The present invention is directed toward a fluid delivery system and more particularly to a safety system that automatically closes one or more valves in the fluid delivery system in the event that an eminent rupture is sensed.
In the past, various techniques have been used for transferring hazardous liquids or fluids between two tanks such as, for example, between a portable roadway vehicle tank and a fixed storage tank. This is normally done utilizing flexible hoses or the like. Since the release of hazardous materials could result in a life-threatening situation, special precautions are taken to ensure that little if any of the liquid or fluid is released to the ground or atmosphere during transfer of the material along the flexible hose. While the flexible hose may be only a portion of the fluid transmission system between the tanks, is an important link in the transfer of fluids to or from a portable tank, such as mounted on a roadway vehicle.

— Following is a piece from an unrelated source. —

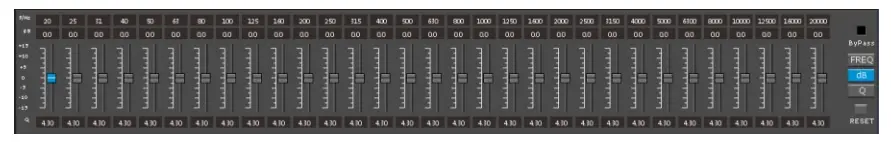 AUDIO SYSTEM ADSP10 Digital Signal Processor - fig 32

A number of safety systems have been proposed in the past to limit or control spillage of hazardous liquids or fluids in the event of a malfunction. One prior art system marketed by Smart-Hose Technologies, Inc. utilizes a cable in compression within the hose which normally unseats valve members located at each end of the cable. In the event of hose rupture or separation, the valve members are released to stop the flow of product in both directions. The cable acts as a spring to maintain the valves off of their seats, and the separation of the hose releases the biasing force of the valves which then move to the closed position. Variations of the smart hose system are described in U.S. Pat. Nos. 5,357,998; 6,260,569 and 6,546,947.
While the Smart-Hose systems have been beneficial, they are not always entirely satisfactory. It is, for example, difficult to verify the operational integrity of the system since there is limited ability to check whether the internal cable is in proper compression. Furthermore, during handling and coiling of the hose, special care must be taken not to bend the hose or the cable or the cable will lose its ability to hold the valves open. More importantly, the valves will not close until and unless there is an almost entire rupture or separation of the hose. A partial tear or rupture in the hose wall may result in a significant amount of leakage or spillage of the hazardous material without the valves closing as the cable may continue to operate to hold the valves in their open position.
Other systems have been devised which are intended to close shutoff valves along the length of a flexible hose based upon a drop in monitored pressure (of the hazardous fluid being transported) when the hose breaks. See, for example, U.S. Pat. No. 6,308,753. However, pressure monitoring systems for automatically closing valves at the ends of a flexible hose have various reliability concerns. Near the completion of the unloading operation when the liquid level gets low in the tank, the system becomes unreliable because of liquid and vapors entering the pump in a random fashion which can cause the valves to shut off when not necessary.
With such prior art systems, the device could be manually overridden when the tank is near empty to prevent the premature trip of the shutoff valve. A separate problem, however, involves determining when the tank is near empty since the unloading time is a function of pressure and pump condition, and typically lasts for over 30 minutes. Even if one could determine when to begin the override, this will create a situation where the operator could override the device at will and defeat the purpose of a system which automatically closes the valves at the ends of the hose to prevent spillage. Moreover, even after a tank is empty, the pump is typically run for several minutes to push most of the liquid in the hose into the receiving vessel. Running a pump in this situation will thus always actuate a device that is triggered by low pressure and manual override options do not practically solve the problem.
Most significantly, however, is the fact that even such low pressure monitoring systems do not prevent the spillage of hazardous fluids or liquids. This is due to the fact that the low pressure of the transported fluid is not sensed until the hose has ruptured and a significant amount of hazardous material has already been released. Furthermore, even after the valves are closed, material remaining within the hose can be released.
As a result, a need exists for a fluid delivery system that is capable of sensing a rupture before it occurs and closing one or more valves in the fluid delivery system in order to essentially totally prevent spillage of hazardous material.